It’s quite an amazing idea of having different time signatures and wacky ideas to come unexpected that is right at you at the moment as a listener to go back and find out by saying “what did they just do all of a sudden? This is really interesting!” One of the bands is Austin’s The Invincible Czars who have been around for twelve years and while this is my introduction of the band’s music, it’s almost as if Frank Zappa had been around and teamed up with The Charlie Daniels Band, Miriodor and Hamster Theatre to create some mind-blowing ideas that just comes out of the water ready to get the machine ready for action for a performance they’ll never forget.
They have also some arrangements for Tchaikovsky and Mussorgsky to gain word of mouth along recognition for a band that had various line-ups show that they can knock one out of the ball park. Their EP, Invincible Czars play Graham Reynolds & Peter Stopschinski, shows how much they can have a blast. The EP is a tribute of the two composers who did score work. Graham has done work with filmmakers including Richard Linklater on films like; A Scanner Darkly, Bernie and Before Midnight to name a few while Peter has done short films including Chickenfut and Attack of the Bride Monster.

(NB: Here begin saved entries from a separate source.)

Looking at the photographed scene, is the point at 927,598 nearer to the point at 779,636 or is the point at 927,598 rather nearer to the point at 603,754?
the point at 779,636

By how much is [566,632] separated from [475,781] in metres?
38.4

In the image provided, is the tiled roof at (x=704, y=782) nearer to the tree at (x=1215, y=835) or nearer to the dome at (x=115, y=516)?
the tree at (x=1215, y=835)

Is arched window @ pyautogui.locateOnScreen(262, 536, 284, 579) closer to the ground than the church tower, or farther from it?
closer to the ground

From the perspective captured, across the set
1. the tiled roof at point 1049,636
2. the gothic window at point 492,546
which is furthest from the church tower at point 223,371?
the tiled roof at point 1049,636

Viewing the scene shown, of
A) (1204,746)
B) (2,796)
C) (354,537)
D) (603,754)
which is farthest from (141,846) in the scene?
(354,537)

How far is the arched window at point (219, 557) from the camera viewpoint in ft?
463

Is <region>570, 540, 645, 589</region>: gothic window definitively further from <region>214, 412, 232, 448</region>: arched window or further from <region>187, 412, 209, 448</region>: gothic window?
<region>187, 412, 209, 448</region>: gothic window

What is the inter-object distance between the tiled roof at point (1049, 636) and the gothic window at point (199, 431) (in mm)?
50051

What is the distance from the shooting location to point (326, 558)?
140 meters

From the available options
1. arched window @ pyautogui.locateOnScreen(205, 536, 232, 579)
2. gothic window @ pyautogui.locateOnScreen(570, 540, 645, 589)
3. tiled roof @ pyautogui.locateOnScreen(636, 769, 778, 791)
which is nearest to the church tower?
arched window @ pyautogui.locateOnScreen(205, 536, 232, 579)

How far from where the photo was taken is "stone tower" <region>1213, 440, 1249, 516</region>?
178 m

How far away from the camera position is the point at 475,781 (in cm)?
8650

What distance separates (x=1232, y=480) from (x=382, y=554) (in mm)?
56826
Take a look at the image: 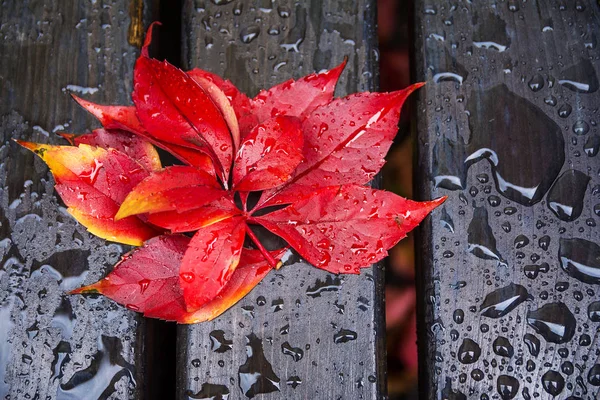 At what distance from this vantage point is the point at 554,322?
0.63 metres

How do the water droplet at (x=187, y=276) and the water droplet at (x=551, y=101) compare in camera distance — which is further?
the water droplet at (x=551, y=101)

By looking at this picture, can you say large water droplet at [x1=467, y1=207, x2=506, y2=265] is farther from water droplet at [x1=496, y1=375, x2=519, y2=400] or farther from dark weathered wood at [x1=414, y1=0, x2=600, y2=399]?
water droplet at [x1=496, y1=375, x2=519, y2=400]

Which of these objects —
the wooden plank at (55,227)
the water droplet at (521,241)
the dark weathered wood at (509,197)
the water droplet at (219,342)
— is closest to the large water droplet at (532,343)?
the dark weathered wood at (509,197)

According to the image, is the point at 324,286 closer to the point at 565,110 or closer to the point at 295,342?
the point at 295,342

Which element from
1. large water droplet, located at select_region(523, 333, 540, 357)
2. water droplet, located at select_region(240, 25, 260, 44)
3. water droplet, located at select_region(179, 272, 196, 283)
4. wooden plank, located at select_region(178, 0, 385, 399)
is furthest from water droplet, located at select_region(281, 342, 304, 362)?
water droplet, located at select_region(240, 25, 260, 44)

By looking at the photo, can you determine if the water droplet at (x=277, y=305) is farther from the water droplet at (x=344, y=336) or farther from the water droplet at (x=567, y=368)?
the water droplet at (x=567, y=368)

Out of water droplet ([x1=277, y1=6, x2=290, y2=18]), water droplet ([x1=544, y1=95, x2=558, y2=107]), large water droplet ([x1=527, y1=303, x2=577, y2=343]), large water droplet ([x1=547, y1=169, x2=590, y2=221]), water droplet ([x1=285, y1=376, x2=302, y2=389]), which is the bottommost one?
water droplet ([x1=285, y1=376, x2=302, y2=389])

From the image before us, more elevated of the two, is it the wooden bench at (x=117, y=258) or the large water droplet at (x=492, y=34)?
the large water droplet at (x=492, y=34)

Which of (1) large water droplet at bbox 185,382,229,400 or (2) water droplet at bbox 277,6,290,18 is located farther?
(2) water droplet at bbox 277,6,290,18

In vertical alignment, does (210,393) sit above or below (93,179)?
→ below

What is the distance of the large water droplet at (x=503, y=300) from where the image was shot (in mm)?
630

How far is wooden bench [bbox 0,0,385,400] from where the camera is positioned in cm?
61

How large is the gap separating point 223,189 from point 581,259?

Opener, Greyhound starts off with electricity thanks to Josh Robins bass and guitar work along with Phil Davidson and Leila Henley’s intense work between Violin and Flute and Chuck Fischer’s fast drumming work. It has this stop-and-go movement that the band would play and give Phil a chance to play a quick solo and Leila as well and it is quite interesting that they could have been inspired by King Crimson and bits of Jean-Luc Ponty as well, but the music keeps on going.
The haunting and in the vibes of Egyptian atmosphere thanks to Robins guitar in the style of Frank Zappa and Fred Firth of Henry Cow, can come in quite handy with The Duchess of Parma (The Polish Opening). At times it reminded me of the Diablo Swing Orchestra and almost like they could have used this piece of music for one of Tim Burton’s stop-motion animated films for Corpse Bride or The Nightmare Before Christmas as the melodic nightmarish dystopian ‘60s vibe, Dark Theme from Metropolis, is chilling and will give you goose bumps.
Josh does this twilight zone-sque yet spooky introduction with the delay/reverb sound to have that spaghetti western touch on his Guitar as if you are walking in a town with no one there as if you can hear a pin drop before the band comes in to have this mellowing and sadness of a town that was supposed to be, but gone wrong. The closing track, The Difference Engine II: Ada, opens with a guitar that is sounding like a Harpischord/Organ with a dytopian lullaby for the first 30 seconds and then the sax and violin play the same melody as the bass along with the drums comes in to increase the tension as it goes into some pronk (prog-punk) like structures to have the tempos going fast and not to mention the late ‘60s psychedelic vibe to go with it (Nuggets style!) before the haunting harpischord-like guitar chords closes the curtain.
The Invincible Czars have all the ingredients to have fun and enjoy themselves. They are one of those bands that they can take these different genres of Prog, Rock in Opposition, Punk, Polka, Hard Rock, and Jazz rolled up into one and create some amazement with their instruments and you can never expect what to come out of them. This is my 6th time listening to this EP, and I have now become blown away by The Invincible Czars and they are soon going to become one of my favorite bands to come out of Austin.